> _Data block_
◇ ◇ ◇

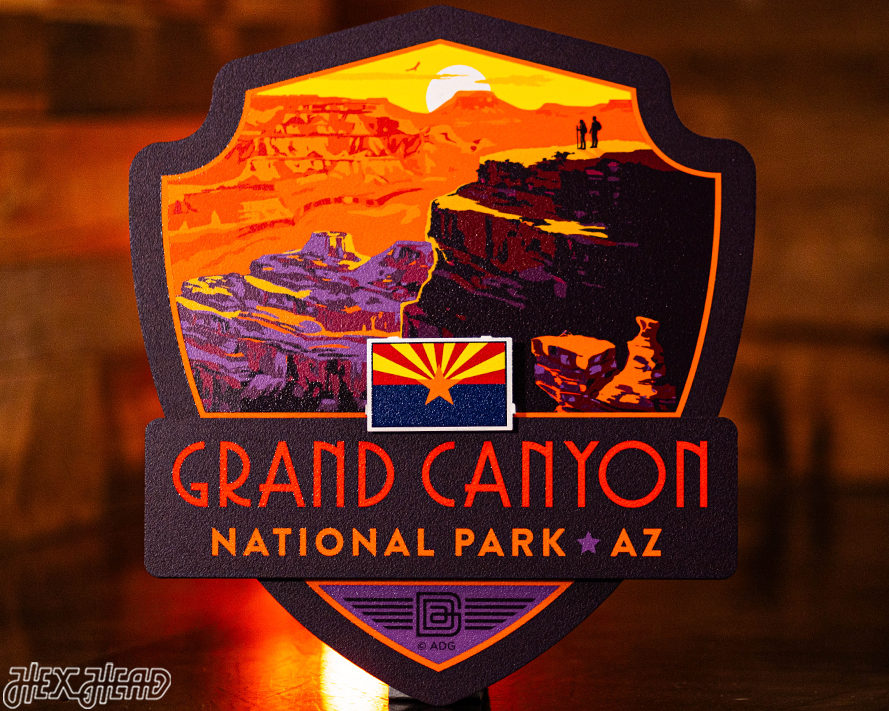 Grand Canyon National Park Badge 3D Metal Wall Art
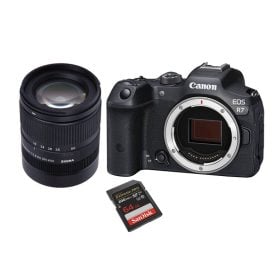 Canon EOS R7 con lente Sigma 18-50 mm f/2.8 DC DN Memoria 64GB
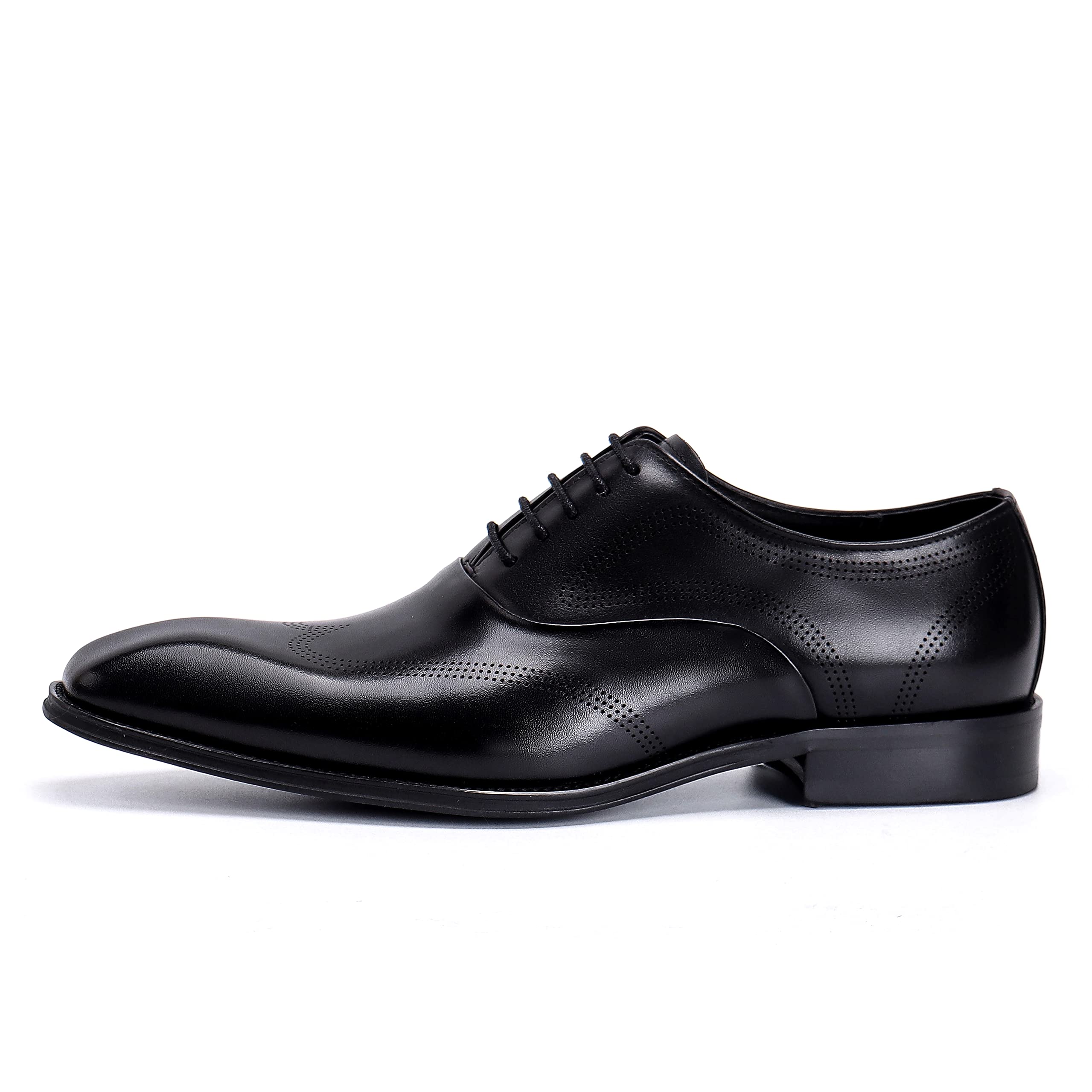 Oxfords Casuales Negocios para Hombres Brogues de Vestir Formales Trabajo Zapatos Bajos con Cordones en Cuero Genuino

◇ ◇ ◇

The output should be the lines from the one with "Canon EOS R7" through the end of the material above, both ends included, printed exactly and nothing else. Drop the pictures.

 Canon EOS R7 con lente Sigma 18-50 mm f/2.8 DC DN Memoria 64GB
 Oxfords Casuales Negocios para Hombres Brogues de Vestir Formales Trabajo Zapatos Bajos con Cordones en Cuero Genuino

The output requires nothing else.